On Monday (Oct. 19), Tulsa officials kicked off a second round of excavations to recover bodies of victims from the 1921 Tulsa Race Massacre, according to NBC News. Almost a century ago, hundreds of Black people were killed by a white mob who attacked Tulsa’s Black Wall Street — an area that was flourishing economically and culturally for African-Americans at that time.
“I realize we can tell this story the way it needs to be told now,” Phoebe Stubblefield, a forensic anthropologist who is also a descendant of a survivor of the massacre, told The Associated Press. ”The story is no longer hidden. We’re putting the completion on this event.”
“People, they were just robbed, white people coming in saying Black people had better property than they had and that that was just not right,” she continued. “Burning, thieving, killing wasn’t enough. They had to prevent Black people from recovering.”
“Personally, professionally, spiritually I have an investment in this,” added Stubblefield, whose great-aunt had her property taken and home burned in the massacre.
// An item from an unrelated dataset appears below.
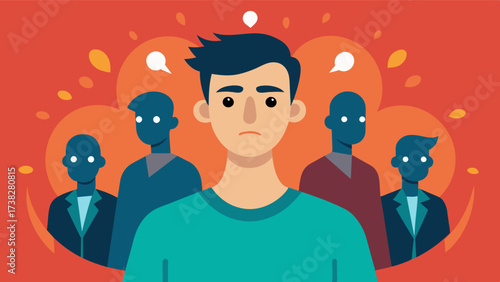 He doesnt let others opinions or judgments affect his selfesteem as he is confident in who he is.. Vector illustration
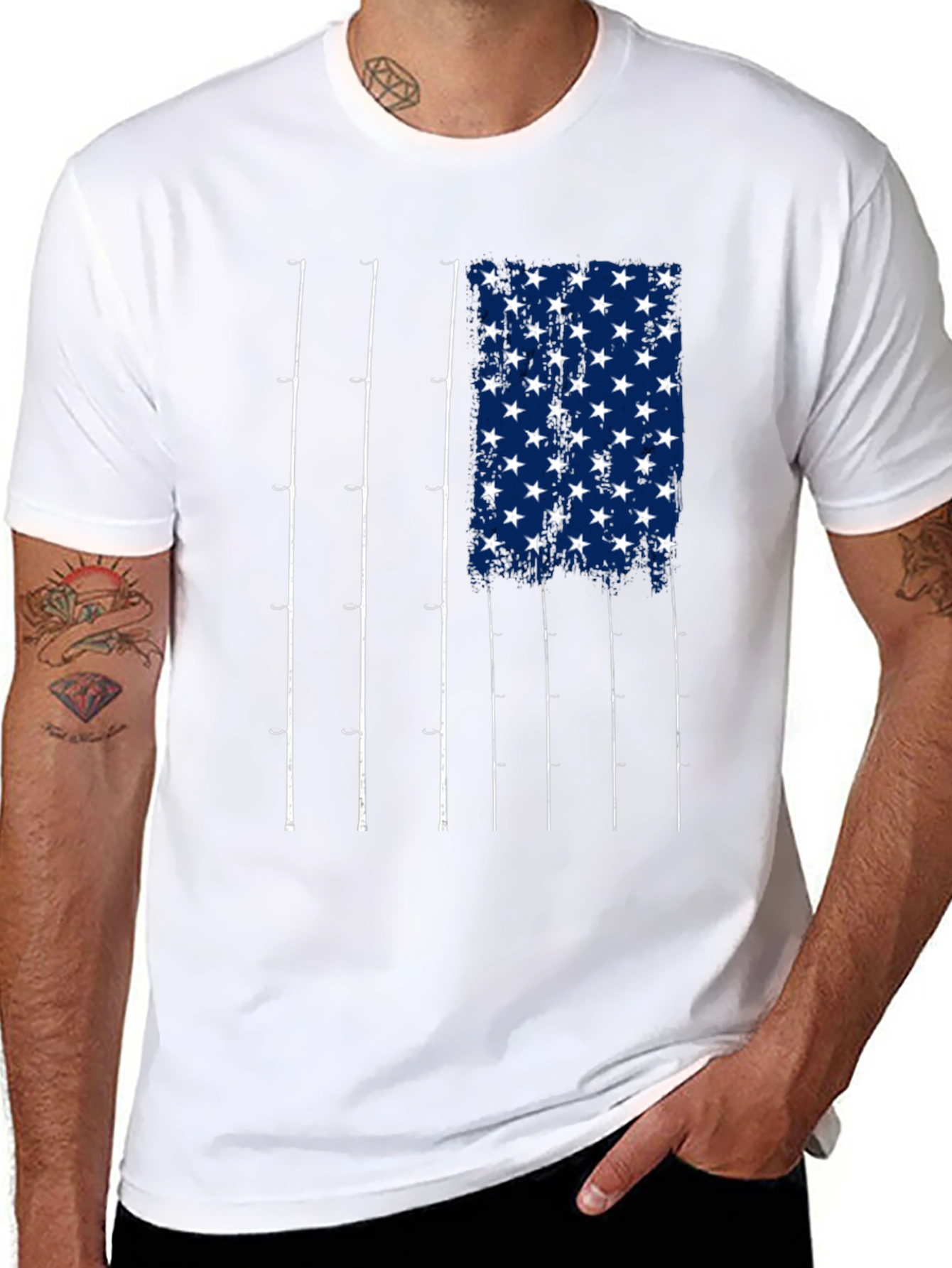Fishing Rod American Flag Graphic T-Shirt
Officials will search for bodies in the Greenwood District, where the massacre took place, and Oaklawn Cemetery, where an excavation in July turned out to be unsuccessful. The earlier excavation began after a geophysical scan of the cemetery indicated there were underground anomalies consistent with a mass unmarked grave site.
If any bodies are discovered, they will not be disrupted. The excavation would pause and investigators would “do what they need to do to identify them and determine a cause of death,” said Mayor G.T. Bynum. “A hundred years after the fact, the descendants are scattered all around the world. Tracking down the descendants could take years.”
Archeologists have discovered two other spots which may be home to some of the victims. Kary Stackelbeck is leading the investigation and says that there are “multiple areas that we have identified as having merits for investigation.” She says that they just need to “ask for grace and patience” during the search.